• What the task requires: Find every line in the records below that holds the word "window", and copy each one.

• Record extracts:
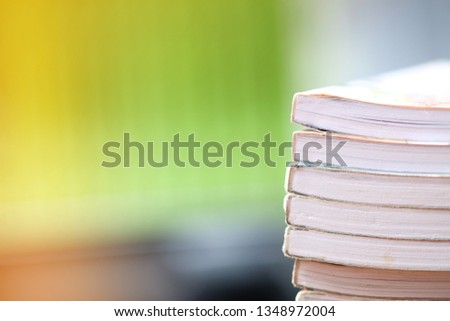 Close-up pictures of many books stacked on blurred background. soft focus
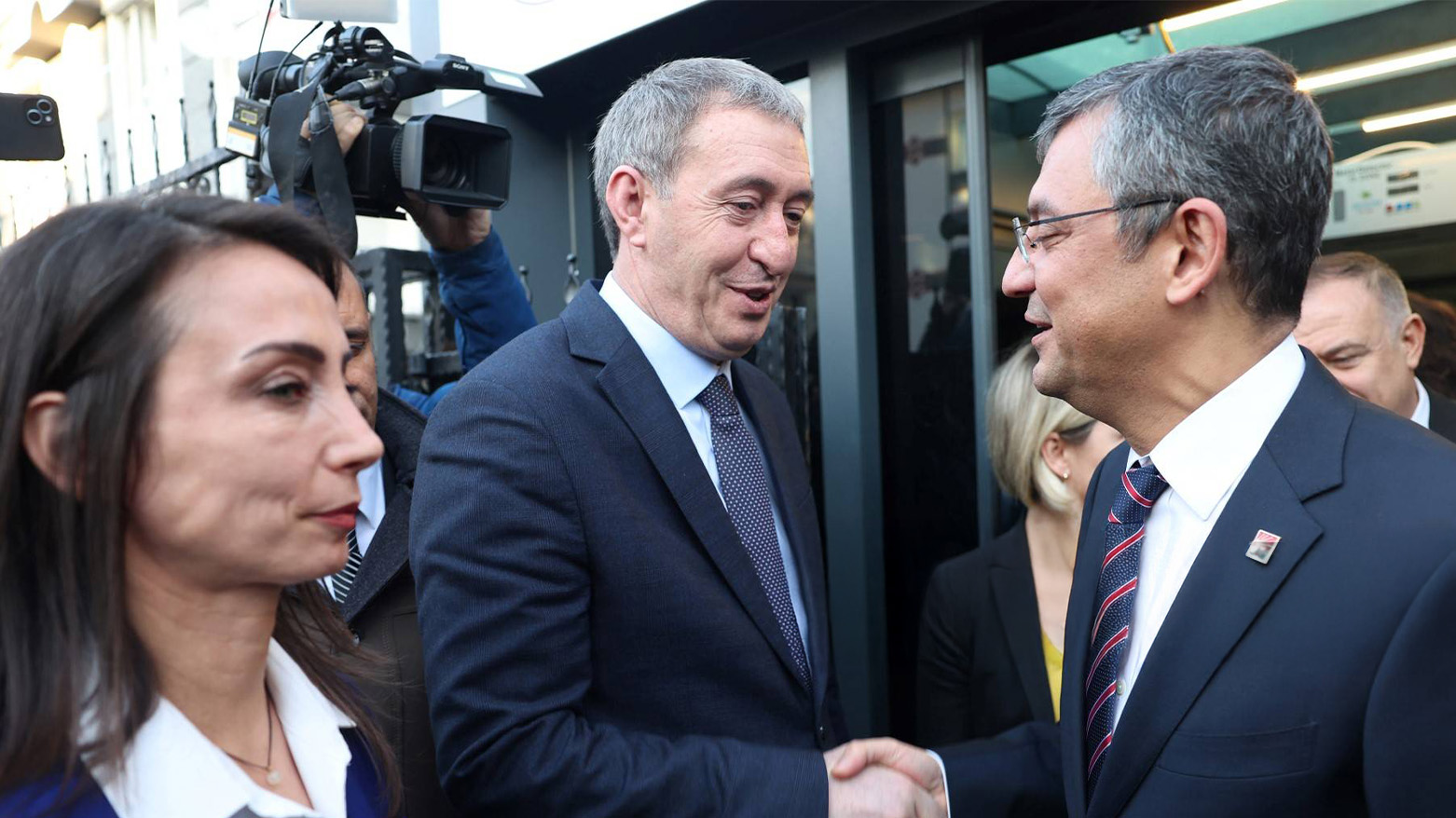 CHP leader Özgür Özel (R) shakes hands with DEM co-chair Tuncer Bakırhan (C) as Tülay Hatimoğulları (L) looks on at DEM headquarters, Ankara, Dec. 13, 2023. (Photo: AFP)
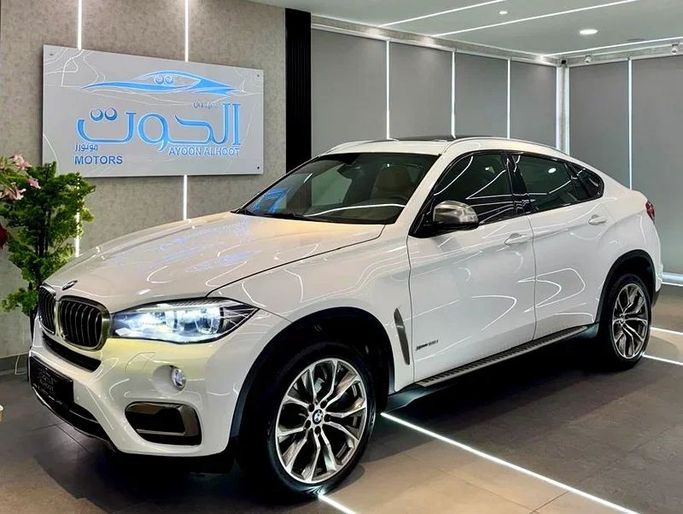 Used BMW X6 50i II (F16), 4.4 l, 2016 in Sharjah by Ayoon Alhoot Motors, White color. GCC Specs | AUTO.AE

==

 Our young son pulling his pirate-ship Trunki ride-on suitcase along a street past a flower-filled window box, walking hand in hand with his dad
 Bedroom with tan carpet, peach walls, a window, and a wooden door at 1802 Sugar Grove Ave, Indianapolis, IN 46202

• Solution to this problem:
 Our young son pulling his pirate-ship Trunki ride-on suitcase along a street past a flower-filled window box, walking hand in hand with his dad
 Bedroom with tan carpet, peach walls, a window, and a wooden door at 1802 Sugar Grove Ave, Indianapolis, IN 46202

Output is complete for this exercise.